So etwas hat es noch nie gegeben: Im Kampf für mehr Klimaschutz verklagen sechs Kinder und Jugendliche die Regierungen von 32 Staaten in Europa. Sie hoffen auf eine "lebenswerte Zukunft". Wie stehen ihre Chancen in der ungleichen Auseinandersetzung?
Sechs Kinder und Jugendliche wollen die Regierungen von Deutschland und 31 weiteren Staaten in Europa dazu zwingen, in Zukunft viel mehr für den Klimaschutz zu tun. Die von den jungen Portugiesen vor drei Jahren eingereichte Klage wird an diesem Mittwoch in Straßburg vor dem Europäischen Gerichtshof für Menschenrechte (EGMR) verhandelt. Die Menschenrechtsorganisation Amnesty International sprach von einer "bahnbrechenden" Initiative der jungen Menschen im Alter zwischen elf und 24 Jahren.
Neben dem Alter der Kinder und Jugendlichen sind die Größe des Prozesses und die Zahl der angeklagten Länder ungewöhnlich. Aufseiten der gerügten Regierungen würden über 80 Anwälte im Gerichtssaal anwesend sein, teilte eine Sprecherin der Portugiesen mit. Die Kläger und Klägerinnen würden von lediglich sechs Anwälten vertreten werden.
"Das ist wirklich ein Fall von David gegen Goliath", sagte wenige Tage vor der Anhörung Gearóid Ó Cuinn, Direktor der Nichtregierungsorganisation Global Legal Action Network(GLAN), die die Portugiesen bei der Initiative unterstützt und berät. "Es gibt keine Präzedenzfälle, weder hinsichtlich des Ausmaßes noch bezüglich der Folgen."
Die Herausforderung ist riesig, aber der Preis, der winkt, ist sehr verlockend: Wenn die Kläger und Klägerinnen Recht bekommen, könnte der EGMR die Regierungen der EU-Mitgliedsländer und der mitangeklagten Staaten Norwegen, Russland, Türkei, Schweiz und Großbritannien auffordern, ihre Treibhausgasemissionen zu verringern und strengere Klimaziele zu beschließen und einzuhalten.
GLAN-Anwalt Gerry Liston spricht von einem möglichen "Gamechanger". Ursprünglich waren 33 Länder verklagt worden. Der EGMR nennt weiterhin diese Zahl. Aber die Jugendlichen haben beschlossen, die Ukraine wegen des russischen Angriffskrieges außen vor zu lassen.
Mit einem Urteil ist nächstes Jahr zu rechnen.
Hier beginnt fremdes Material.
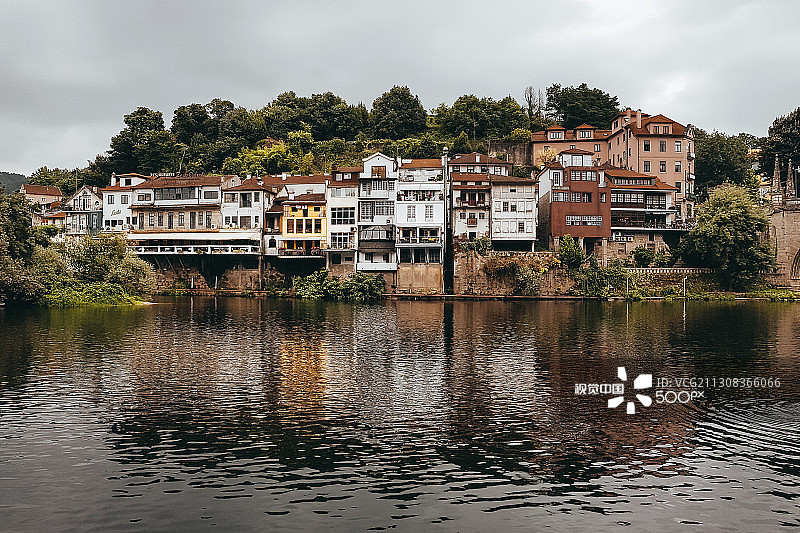 葡萄牙阿马兰特湖畔建筑风光图片素材
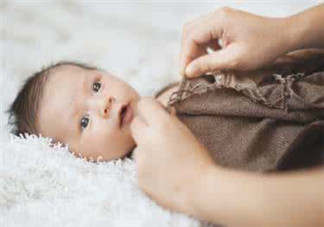 嬰兒能用艾葉敷肚臍嗎？嬰兒艾葉貼肚臍的好處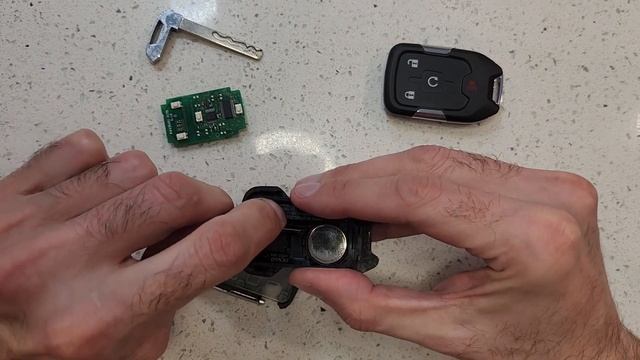 GMC KEY FOB Case / Housing Replacement (ACADIA, TERRAIN, SIERRA, YUKON)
Einer der Kläger, Martim Duarte Agostinho, mahnt aber an, dass man keine Zeit verlieren dürfe. "Ohne dringende Maßnahmen zur Reduzierung der Emissionen wird mein Wohnort bald zu einem unerträglichen Ofen werden", sagte der 20-Jährige aus Leiria im Zentrum Portugals vor der Anhörung. "Unsere Botschaft an die Richter wird einfach sein: Bitte sorgen Sie dafür, dass die Regierungen alles Nötige tun, damit wir eine lebenswerte Zukunft haben."
Martims Schwester Mariana hatte der Deutschen Presse-Agentur (dpa) zu Beginn der Initiative im Jahr 2020 als Achtjährige gesagt, die Tatenlosigkeit der Erwachsenen mache sie wütend und traurig zugleich: "Ich habe große Angst davor, auf einem kranken Planeten leben zu müssen."
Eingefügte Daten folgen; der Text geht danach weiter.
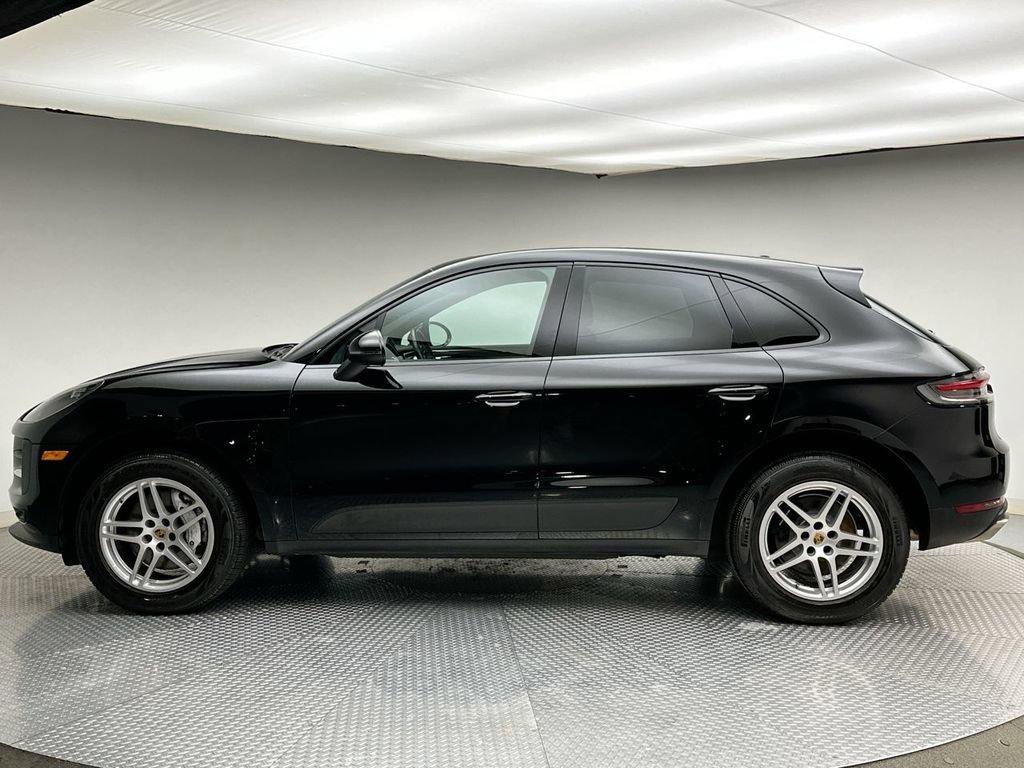 Used 2021 Porsche Macan w/ Driver Memory Package AWD/4WD image 2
Klimawandel: Juli der heißeste bisher gemessene Monat
Seit diesen Aussagen von Mariana gab es nur wenige Besserungen, aber mehrere Hiobsbotschaften. Der Juli 2023 etwa war der heißeste bisher gemessene Monat. Die Leiterin der Abteilung für strategische Rechtsstreitigkeiten bei Amnesty International, Mandi Mudarikwa, sagte, dass die jungen Kläger und Klägerinnen wie so viele andere Menschen auf der Welt auch die gesundheitlichen Auswirkungen des Klimawandels bereits unmittelbar zu spüren bekämen. Die zunehmenden Hitzeextreme schränkten ihre Möglichkeiten ein, sich im Freien aufzuhalten, Sport zu treiben, zu schlafen und sich richtig zu konzentrieren.
Anlass für die Klage von Mariana und Martin sowie ihrer Schwester Claudia (24), Catarina Mota (23) und der Geschwister Sofia (18) und André Oliveira (15) waren die verheerenden Brände von 2017 in ihrem Heimatland, bei denen mehr als 100 Menschen starben und riesige Waldgebiete zerstört wurden. "Da ist bei mir der Groschen gefallen. (...) Ich habe gemerkt, wie dringend man handeln muss, um den Klimawandel zu stoppen", sagte Claudia vor einiger Zeit der dpa.
Klagen für Klimaschutz liegen im Trend
Wie die Chancen für die Klägerinnen und Kläger stehen, ist schwierig zu prognostizieren, da umweltrechtliche Fragen bisher keine große Rolle vor dem EGMR gespielt haben. Grundsätzlich gewährt die Europäische Menschenrechtskonvention kein Recht auf eine saubere Umwelt. Daher haben sich Klagen bisher vor allem darauf gestützt, dass durch Umweltverschmutzung andere Menschenrechte gefährdet sind, etwa das Recht auf Leben. Oft ging es zum Beispiel darum, dass Menschen von Lärm oder Luftverschmutzung betroffen waren. Die Auswirkungen des Klimawandels generell wurden dagegen bislang kaum behandelt.
Das könnte sich nun ändern. Denn die Portugiesen sind nicht die einzigen, die gerichtlich mehr Klimaschutz einfordern. Dieses Jahr wird beim EGMR auch über den Fall der sogenannten Klimaseniorinnen verhandelt, ein Zusammenschluss von Schweizer Rentnerinnen, die von Greenpeace unterstützt werden. Auch ein französischer Bürgermeister klagt derzeit auf die Einhaltung der Pariser Klimaziele.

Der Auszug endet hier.